Our patient presented some features typically related to this phenotype, such as predominantly distal involvement, gait ataxia, and signs of cerebellar involvement, such as appendicular dysmetria and asymmetric postural tremor, similar to that reported by other authors [10]. Although an explanation for this asymmetry has not yet been established, we suggest that it could be linked to an immune response proportional to the variable expression of the antigen in various areas of the central and peripheral nervous system.

Up to 8% of patients with chronic inflammatory demyelinating polyradiculoneuropathy and anti-neurofascin-155 antibodies can present demyelinating lesions in the brain, which simulate multiple sclerosis lesions and, combined with chronic inflammatory demyelinating polyradiculoneuropathy, make up the central and peripheral demyelinating syndrome [9,12]. Our patient did not present encephalic lesions suggestive of this syndrome. Still, he presented clinical cerebellar impairment features such as dysmetria, dyschronometria, and appendicular dysdiadochokinesia, linked to the central nervous system expression of neurofascin-155, indicative of immune damage at this level that would escape the detection threshold of magnetic resonance imaging [5,8].

The acquired distal symmetrical demyelinating neuropathy variant may be the clinical expression of other chronic autoimmune neuropathies; up to 2/3 of patients with this pathology harbor an Ig M monoclonal gammopathy (acquired distal symmetrical demyelinating neuropathy-M). Of these, at least 50% express the antibodies against myelin-associated glycoprotein (MAG), which defines anti-myelin-associated glycoprotein neuropathy.

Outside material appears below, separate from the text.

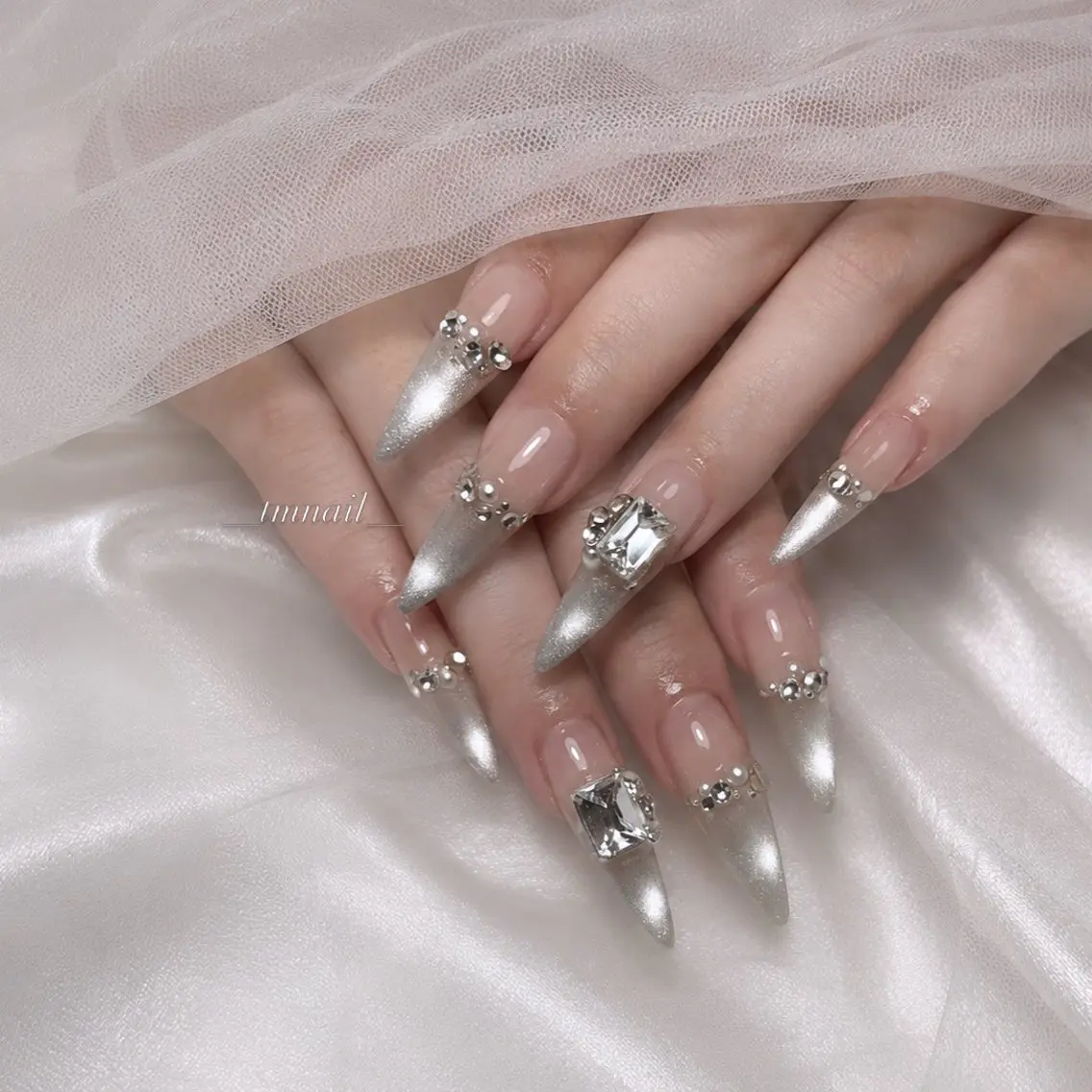 ロング 韓国風ヘア ハンドネイル 💅Tmnail Misoraのネイルデザイン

The normal electrophoretic proteinogram and the absence of anti-myelin-associated glycoprotein antibodies allowed us to rule out these neuropathies, these being the main differential diagnoses [15].

Poor response to corticosteroids, plasmapheresis, and immunoglobulin and good response to B-cell depleting therapies such as rituximab is another characteristic of patients with anti-neurofascin155 antibodies due to the IgG4 nature of these antibodies [6,16].

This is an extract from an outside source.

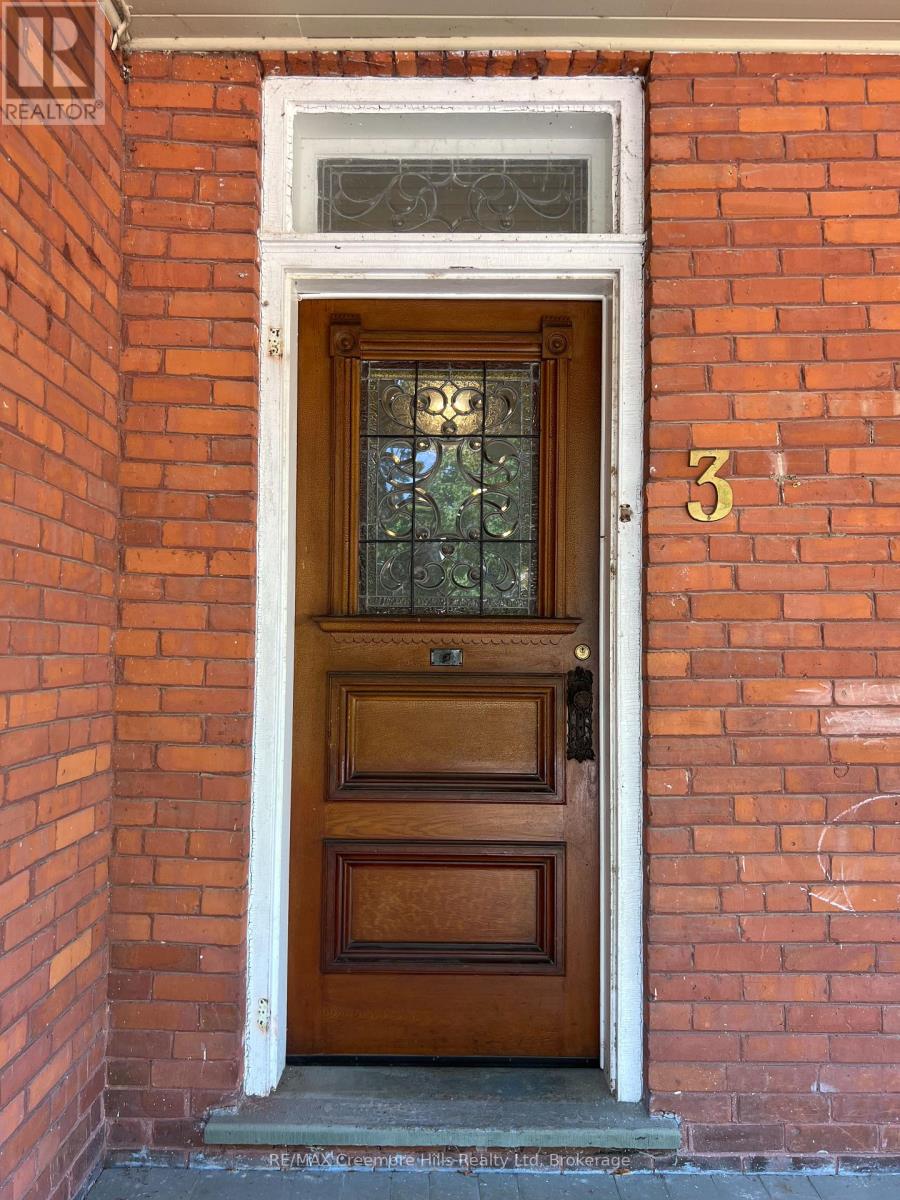 3 Wellington Street E, Clearview, Ontario  L0M 1G0 - Photo 37 - S12340820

Rituximab is an anti-CD20 monoclonal antibody used to treat these patients in different dosing regimens. The regimen of 375 milligrams per square meter weekly for four weeks, followed by a monthly dose for two additional months, is the most used. However, the two-gram schedule (one gram on day one and day 15) every six months has also been used with excellent results, although no studies have evaluated the efficacy of these dosing schedules [17].

Our patient responded only partially to initial corticosteroid therapy, improving diplopia and dysphagia, with no Medical Research Council and Modified Rankin variation, at six months. The electromyographic study at that time worsened from the initial study (in September 2019), as both sensitive and motor potentials became undetectable. In addition, the patient showed exacerbation of his gastritis due to corticosteroid consumption; thus, after the patient tested positive for anti-neurofascin-155 antibodies, we decided to escalate directly to rituximab treatment at doses of two grams (one gram on day one and day 15) every six months, with marked improvement in distal limb strength, tremor and gait stability.

After six months of rituximab treatment, they improved their Medical Research Council score to 60 points and their modified Rankin scale to one. This clinical improvement also correlated with a new electromyographic study (in October 2021, tables 1 and 2) where even recovery of previously unexcitable motor potentials was observed, without recovery of sensitive ones, similar to what was observed by other authors [18].

Conclusions

The case presented corresponds to an atypical subtype of chronic inflammatory demyelinating polyradiculoneuropathy associated with anti-neurofascin-155 antibodies. It was characterized by a phenotype with predominant distal sensory-motor involvement associated with asymmetrical low frequency and high amplitude tremor in the upper limbs, sensory ataxia, and signs of cerebellar affection, in addition to poor response to treatment with corticosteroids and excellent response to rituximab.

These features are linked to immunological damage in different regions of the central and peripheral nervous system with neurofascin-155 expression and IgG4 isotype of these antibodies.